• _WORK TASK_
An identical copy of every entry below is the required output.

• _Caption-style text data_
════
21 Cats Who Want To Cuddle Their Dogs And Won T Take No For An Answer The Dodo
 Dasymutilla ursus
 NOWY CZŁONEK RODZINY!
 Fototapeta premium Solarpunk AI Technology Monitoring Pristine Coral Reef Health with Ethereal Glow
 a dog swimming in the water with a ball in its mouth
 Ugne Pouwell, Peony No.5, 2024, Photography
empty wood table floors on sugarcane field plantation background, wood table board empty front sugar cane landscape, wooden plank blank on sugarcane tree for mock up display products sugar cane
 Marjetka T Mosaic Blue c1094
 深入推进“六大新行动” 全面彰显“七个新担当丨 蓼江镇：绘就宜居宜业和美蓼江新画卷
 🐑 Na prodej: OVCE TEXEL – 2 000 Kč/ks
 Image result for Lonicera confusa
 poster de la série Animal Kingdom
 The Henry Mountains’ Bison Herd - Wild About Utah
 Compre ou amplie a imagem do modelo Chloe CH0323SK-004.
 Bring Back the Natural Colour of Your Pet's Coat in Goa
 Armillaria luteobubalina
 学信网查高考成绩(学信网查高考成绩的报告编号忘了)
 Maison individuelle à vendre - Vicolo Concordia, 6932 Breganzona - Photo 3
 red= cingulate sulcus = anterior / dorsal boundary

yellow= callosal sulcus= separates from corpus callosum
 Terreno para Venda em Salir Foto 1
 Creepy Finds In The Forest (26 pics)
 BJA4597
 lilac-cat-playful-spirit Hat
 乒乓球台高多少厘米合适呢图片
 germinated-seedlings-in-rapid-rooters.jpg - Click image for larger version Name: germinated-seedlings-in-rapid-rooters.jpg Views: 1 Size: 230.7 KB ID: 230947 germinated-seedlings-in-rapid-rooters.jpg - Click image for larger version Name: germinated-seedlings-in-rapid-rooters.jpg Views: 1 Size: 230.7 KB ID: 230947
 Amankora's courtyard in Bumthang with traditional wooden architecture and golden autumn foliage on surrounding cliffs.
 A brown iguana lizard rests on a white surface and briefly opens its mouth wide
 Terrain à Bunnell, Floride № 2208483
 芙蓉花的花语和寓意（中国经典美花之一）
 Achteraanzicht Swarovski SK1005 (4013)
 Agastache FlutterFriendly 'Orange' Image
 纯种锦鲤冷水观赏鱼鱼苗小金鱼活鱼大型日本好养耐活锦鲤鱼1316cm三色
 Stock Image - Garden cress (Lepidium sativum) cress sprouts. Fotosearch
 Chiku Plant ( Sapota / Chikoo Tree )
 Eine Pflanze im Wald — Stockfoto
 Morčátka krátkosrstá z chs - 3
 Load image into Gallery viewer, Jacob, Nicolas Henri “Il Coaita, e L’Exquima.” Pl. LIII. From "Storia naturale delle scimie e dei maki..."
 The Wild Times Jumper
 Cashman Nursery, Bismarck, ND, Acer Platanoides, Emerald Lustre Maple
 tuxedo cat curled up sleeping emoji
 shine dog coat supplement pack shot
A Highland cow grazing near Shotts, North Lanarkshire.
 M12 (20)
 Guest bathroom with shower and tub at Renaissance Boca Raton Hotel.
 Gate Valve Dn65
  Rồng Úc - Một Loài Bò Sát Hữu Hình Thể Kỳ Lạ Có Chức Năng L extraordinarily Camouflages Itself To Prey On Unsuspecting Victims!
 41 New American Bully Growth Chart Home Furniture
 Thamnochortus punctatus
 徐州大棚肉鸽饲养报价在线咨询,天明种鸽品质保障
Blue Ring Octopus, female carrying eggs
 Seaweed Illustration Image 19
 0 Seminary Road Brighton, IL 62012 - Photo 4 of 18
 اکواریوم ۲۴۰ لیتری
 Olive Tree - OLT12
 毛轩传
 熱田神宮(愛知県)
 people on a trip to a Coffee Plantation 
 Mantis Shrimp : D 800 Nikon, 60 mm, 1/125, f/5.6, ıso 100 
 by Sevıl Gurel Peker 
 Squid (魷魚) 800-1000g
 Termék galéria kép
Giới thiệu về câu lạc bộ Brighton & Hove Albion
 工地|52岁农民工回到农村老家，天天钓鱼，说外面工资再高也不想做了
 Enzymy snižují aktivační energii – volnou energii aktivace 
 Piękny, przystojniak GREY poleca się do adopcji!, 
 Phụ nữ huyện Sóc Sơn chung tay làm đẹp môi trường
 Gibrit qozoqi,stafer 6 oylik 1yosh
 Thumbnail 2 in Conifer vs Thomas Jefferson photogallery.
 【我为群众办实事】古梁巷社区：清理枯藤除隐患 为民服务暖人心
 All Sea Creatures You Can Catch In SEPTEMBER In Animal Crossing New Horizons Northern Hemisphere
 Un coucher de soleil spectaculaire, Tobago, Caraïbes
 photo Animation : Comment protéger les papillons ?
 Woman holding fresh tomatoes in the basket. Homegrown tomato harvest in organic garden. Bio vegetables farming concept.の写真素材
════
• _ANSWER TO THIS PROBLEM_
21 Cats Who Want To Cuddle Their Dogs And Won T Take No For An Answer The Dodo
 Dasymutilla ursus
 NOWY CZŁONEK RODZINY!
 Fototapeta premium Solarpunk AI Technology Monitoring Pristine Coral Reef Health with Ethereal Glow
 a dog swimming in the water with a ball in its mouth
 Ugne Pouwell, Peony No.5, 2024, Photography
empty wood table floors on sugarcane field plantation background, wood table board empty front sugar cane landscape, wooden plank blank on sugarcane tree for mock up display products sugar cane
 Marjetka T Mosaic Blue c1094
 深入推进“六大新行动” 全面彰显“七个新担当丨 蓼江镇：绘就宜居宜业和美蓼江新画卷
 🐑 Na prodej: OVCE TEXEL – 2 000 Kč/ks
 Image result for Lonicera confusa
 poster de la série Animal Kingdom
 The Henry Mountains’ Bison Herd - Wild About Utah
 Compre ou amplie a imagem do modelo Chloe CH0323SK-004.
 Bring Back the Natural Colour of Your Pet's Coat in Goa
 Armillaria luteobubalina
 学信网查高考成绩(学信网查高考成绩的报告编号忘了)
 Maison individuelle à vendre - Vicolo Concordia, 6932 Breganzona - Photo 3
 red= cingulate sulcus = anterior / dorsal boundary

yellow= callosal sulcus= separates from corpus callosum
 Terreno para Venda em Salir Foto 1
 Creepy Finds In The Forest (26 pics)
 BJA4597
 lilac-cat-playful-spirit Hat
 乒乓球台高多少厘米合适呢图片
 germinated-seedlings-in-rapid-rooters.jpg - Click image for larger version Name: germinated-seedlings-in-rapid-rooters.jpg Views: 1 Size: 230.7 KB ID: 230947 germinated-seedlings-in-rapid-rooters.jpg - Click image for larger version Name: germinated-seedlings-in-rapid-rooters.jpg Views: 1 Size: 230.7 KB ID: 230947
 Amankora's courtyard in Bumthang with traditional wooden architecture and golden autumn foliage on surrounding cliffs.
 A brown iguana lizard rests on a white surface and briefly opens its mouth wide
 Terrain à Bunnell, Floride № 2208483
 芙蓉花的花语和寓意（中国经典美花之一）
 Achteraanzicht Swarovski SK1005 (4013)
 Agastache FlutterFriendly 'Orange' Image
 纯种锦鲤冷水观赏鱼鱼苗小金鱼活鱼大型日本好养耐活锦鲤鱼1316cm三色
 Stock Image - Garden cress (Lepidium sativum) cress sprouts. Fotosearch
 Chiku Plant ( Sapota / Chikoo Tree )
 Eine Pflanze im Wald — Stockfoto
 Morčátka krátkosrstá z chs - 3
 Load image into Gallery viewer, Jacob, Nicolas Henri “Il Coaita, e L’Exquima.” Pl. LIII. From "Storia naturale delle scimie e dei maki..."
 The Wild Times Jumper
 Cashman Nursery, Bismarck, ND, Acer Platanoides, Emerald Lustre Maple
 tuxedo cat curled up sleeping emoji
 shine dog coat supplement pack shot
A Highland cow grazing near Shotts, North Lanarkshire.
 M12 (20)
 Guest bathroom with shower and tub at Renaissance Boca Raton Hotel.
 Gate Valve Dn65
  Rồng Úc - Một Loài Bò Sát Hữu Hình Thể Kỳ Lạ Có Chức Năng L extraordinarily Camouflages Itself To Prey On Unsuspecting Victims!
 41 New American Bully Growth Chart Home Furniture
 Thamnochortus punctatus
 徐州大棚肉鸽饲养报价在线咨询,天明种鸽品质保障
Blue Ring Octopus, female carrying eggs
 Seaweed Illustration Image 19
 0 Seminary Road Brighton, IL 62012 - Photo 4 of 18
 اکواریوم ۲۴۰ لیتری
 Olive Tree - OLT12
 毛轩传
 熱田神宮(愛知県)
 people on a trip to a Coffee Plantation 
 Mantis Shrimp : D 800 Nikon, 60 mm, 1/125, f/5.6, ıso 100 
 by Sevıl Gurel Peker 
 Squid (魷魚) 800-1000g
 Termék galéria kép
Giới thiệu về câu lạc bộ Brighton & Hove Albion
 工地|52岁农民工回到农村老家，天天钓鱼，说外面工资再高也不想做了
 Enzymy snižují aktivační energii – volnou energii aktivace 
 Piękny, przystojniak GREY poleca się do adopcji!, 
 Phụ nữ huyện Sóc Sơn chung tay làm đẹp môi trường
 Gibrit qozoqi,stafer 6 oylik 1yosh
 Thumbnail 2 in Conifer vs Thomas Jefferson photogallery.
 【我为群众办实事】古梁巷社区：清理枯藤除隐患 为民服务暖人心
 All Sea Creatures You Can Catch In SEPTEMBER In Animal Crossing New Horizons Northern Hemisphere
 Un coucher de soleil spectaculaire, Tobago, Caraïbes
 photo Animation : Comment protéger les papillons ?
 Woman holding fresh tomatoes in the basket. Homegrown tomato harvest in organic garden. Bio vegetables farming concept.の写真素材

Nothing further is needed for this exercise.